Even though I don’t need the ChatGPT step in the automation, I’m curious how do I edit the ChatGPT prompt for future reference? I don’t know if Bardeen Ambassador is a paid position or not but I’d be happy to compensate you for your time.

Also, I was just reading this tutorial and I’m wondering if what you built qualifies as a ‘deep scraper’? It seems like it based on this “This is usually done when scraping search results and then going through every page on that list to extract additional data”

Hi @charrison,

I’ll try to get you a video by the end of the week to further explain and create your new request of the automation without the ChatGPT and use Google doc instead. Your use case is atypical of how an automation is normally built so please keep that in mind.

  • Kind of(conceptually yes), but not technically. Deep scraper involves two or more scraping actions like first scraping a list of LinkedIn job URLs and then from those URLs scrape further details about each job specifically like title, salary, etc. In this automation we only use one - “scrape data on active tab” to grab the links first. And then we use a couple more Bardeen actions to convert the html of each page into text from each link.

Compensation would be greatly appreciated - Bardeen Ambassadors do not work for Bardeen, but are a representative of the brand itself so it’s something extra I’m doing outside of my full time job.
Here’s more about me if you care to learn:

I hope this helps!
Thank you,
Jess

Thanks Jess !

Hey Cody, welcome to the community.

I would like to invite you to join our recurring happy hours (every Tuesday and Thursday) and connect live with the Bardeen Team and fellow builders as we help you get started with Bardeen and activate your first automations.

We open this space to everyone in our community.

What can you expect:

  • An onboarding to Bardeen
  • Help you activate your first automations
  • Explore use-cases to improve sales in your business
  • Q+A with Bardeen team

Duration: 1 hour

Book your session here: Bardeen Weekly Onboarding Sessions

We also have a series of resources on our Youtube channel that take you step by step into creating your first playbook. One of my favorites is the Ultimate Scrape Tutorial.

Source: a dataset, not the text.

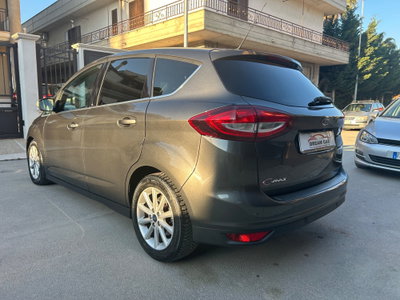 Ford C-Max 1.5 TDCi 120CV Start&Stop Titanium (12)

Customer Support - bardeen.ai
Explore | @bardeenai | Bardeen Community

Hi @charrison,

Per your request, please find the walkthrough video of this use case below:

If you need this video for future reference, please download it as it expires in 7 days.
@Charrison - Scrape Hypersorts.org links into .txt File

Here’s the updated automation:

If you’ve found the help valuable and feel like showing some appreciation - Here’s my PayPal.

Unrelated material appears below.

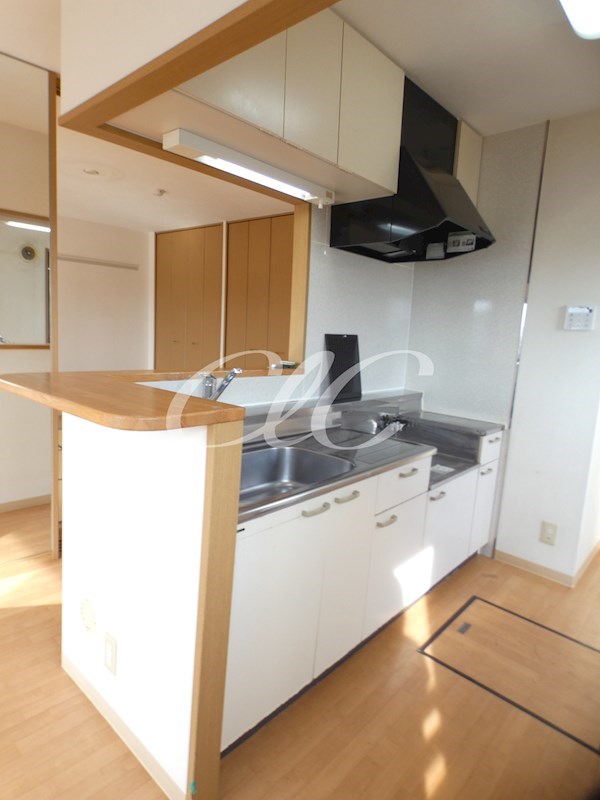 カトルセゾン キッチン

As always, please let me know if you have any questions or need more information.
Thank you,
Jess

Thanks Vinohar! Signing up now

Thank you so much Jess! I watched the video you made which was definitely helpful. I tried to run the automation myself but only one .txt doc actually downloaded to my computer even though it says they all did

Also I sent you a bit on Paypal and would be interested to chat about an ongoing consultation if you’re open to it, like some Bardeen tutoring basically? Let me know what you would want to charge hourly if you are open to it and I’ll see if I can budget it!

I’m glad it was helpful! Thank you for the PayPal Cody, I appreciate it :slight_smile:

  • I think you just have to hit that “Full Download History” button in your above screenshot to be able to see all the files.
  • Wonderful, I’d be happy to help teach you Bardeen 1:1. Let’s chat via dm to discuss further details, and I’m sure we can work something out.

Thank you,
Jess

I’m pretty sure it only downloaded that one, I just searched my computer to make sure and I can’t find any others.

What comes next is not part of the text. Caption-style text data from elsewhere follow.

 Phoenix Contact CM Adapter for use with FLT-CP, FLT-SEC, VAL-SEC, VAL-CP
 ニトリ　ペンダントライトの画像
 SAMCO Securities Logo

Glad to hear you’re open to it! I’ll shoot you a DM and we can continue chatting about it :slight_smile:

Wait can you send DMs on here?

Appears they turned off this feature in the Discourse community. Is there a preferred DM platform you’d like to chat on?

Okay weird, and you checked your downloads folder?

This topic was automatically closed 5 days after the last reply. New replies are no longer allowed.